__Work required__.
Up to and including the line with "METTE羊绒世家童装中大童", return every line from the start of the entries below exactly.

__Provided data__.

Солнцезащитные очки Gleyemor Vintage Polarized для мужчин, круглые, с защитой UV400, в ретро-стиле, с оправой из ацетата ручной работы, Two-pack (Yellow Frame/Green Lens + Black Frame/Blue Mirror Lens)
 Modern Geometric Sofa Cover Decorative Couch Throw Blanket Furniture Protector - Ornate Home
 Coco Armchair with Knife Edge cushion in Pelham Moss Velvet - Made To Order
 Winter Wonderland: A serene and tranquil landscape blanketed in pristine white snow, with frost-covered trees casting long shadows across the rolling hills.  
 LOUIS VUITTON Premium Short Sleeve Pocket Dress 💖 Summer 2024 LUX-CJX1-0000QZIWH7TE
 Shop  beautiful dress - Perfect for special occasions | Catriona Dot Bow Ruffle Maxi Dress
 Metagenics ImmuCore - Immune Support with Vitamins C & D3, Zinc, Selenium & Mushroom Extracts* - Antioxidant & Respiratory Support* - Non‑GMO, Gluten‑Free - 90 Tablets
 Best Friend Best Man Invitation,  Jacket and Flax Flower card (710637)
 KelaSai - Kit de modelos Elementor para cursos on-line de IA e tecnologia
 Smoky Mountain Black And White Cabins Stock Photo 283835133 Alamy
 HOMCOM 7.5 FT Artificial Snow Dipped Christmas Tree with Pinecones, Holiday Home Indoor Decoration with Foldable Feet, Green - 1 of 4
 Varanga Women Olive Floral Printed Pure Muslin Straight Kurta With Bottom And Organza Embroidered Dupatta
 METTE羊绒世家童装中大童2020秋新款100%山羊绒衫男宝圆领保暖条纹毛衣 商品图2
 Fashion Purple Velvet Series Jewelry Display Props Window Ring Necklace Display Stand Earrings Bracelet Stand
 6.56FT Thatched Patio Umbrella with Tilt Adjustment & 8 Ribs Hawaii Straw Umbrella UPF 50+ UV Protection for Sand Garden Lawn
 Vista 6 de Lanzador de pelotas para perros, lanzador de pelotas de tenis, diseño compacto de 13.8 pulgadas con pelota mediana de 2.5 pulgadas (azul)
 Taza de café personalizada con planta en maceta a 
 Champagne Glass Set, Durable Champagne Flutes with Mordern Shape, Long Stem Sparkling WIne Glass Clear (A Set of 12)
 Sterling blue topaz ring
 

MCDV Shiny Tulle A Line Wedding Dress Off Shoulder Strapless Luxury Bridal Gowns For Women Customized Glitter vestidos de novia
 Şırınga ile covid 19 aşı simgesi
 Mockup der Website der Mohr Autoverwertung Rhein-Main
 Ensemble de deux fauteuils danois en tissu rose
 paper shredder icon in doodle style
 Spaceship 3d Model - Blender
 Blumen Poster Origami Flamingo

__Solved problem__.
Солнцезащитные очки Gleyemor Vintage Polarized для мужчин, круглые, с защитой UV400, в ретро-стиле, с оправой из ацетата ручной работы, Two-pack (Yellow Frame/Green Lens + Black Frame/Blue Mirror Lens)
 Modern Geometric Sofa Cover Decorative Couch Throw Blanket Furniture Protector - Ornate Home
 Coco Armchair with Knife Edge cushion in Pelham Moss Velvet - Made To Order
 Winter Wonderland: A serene and tranquil landscape blanketed in pristine white snow, with frost-covered trees casting long shadows across the rolling hills.  
 LOUIS VUITTON Premium Short Sleeve Pocket Dress 💖 Summer 2024 LUX-CJX1-0000QZIWH7TE
 Shop  beautiful dress - Perfect for special occasions | Catriona Dot Bow Ruffle Maxi Dress
 Metagenics ImmuCore - Immune Support with Vitamins C & D3, Zinc, Selenium & Mushroom Extracts* - Antioxidant & Respiratory Support* - Non‑GMO, Gluten‑Free - 90 Tablets
 Best Friend Best Man Invitation,  Jacket and Flax Flower card (710637)
 KelaSai - Kit de modelos Elementor para cursos on-line de IA e tecnologia
 Smoky Mountain Black And White Cabins Stock Photo 283835133 Alamy
 HOMCOM 7.5 FT Artificial Snow Dipped Christmas Tree with Pinecones, Holiday Home Indoor Decoration with Foldable Feet, Green - 1 of 4
 Varanga Women Olive Floral Printed Pure Muslin Straight Kurta With Bottom And Organza Embroidered Dupatta
 METTE羊绒世家童装中大童2020秋新款100%山羊绒衫男宝圆领保暖条纹毛衣 商品图2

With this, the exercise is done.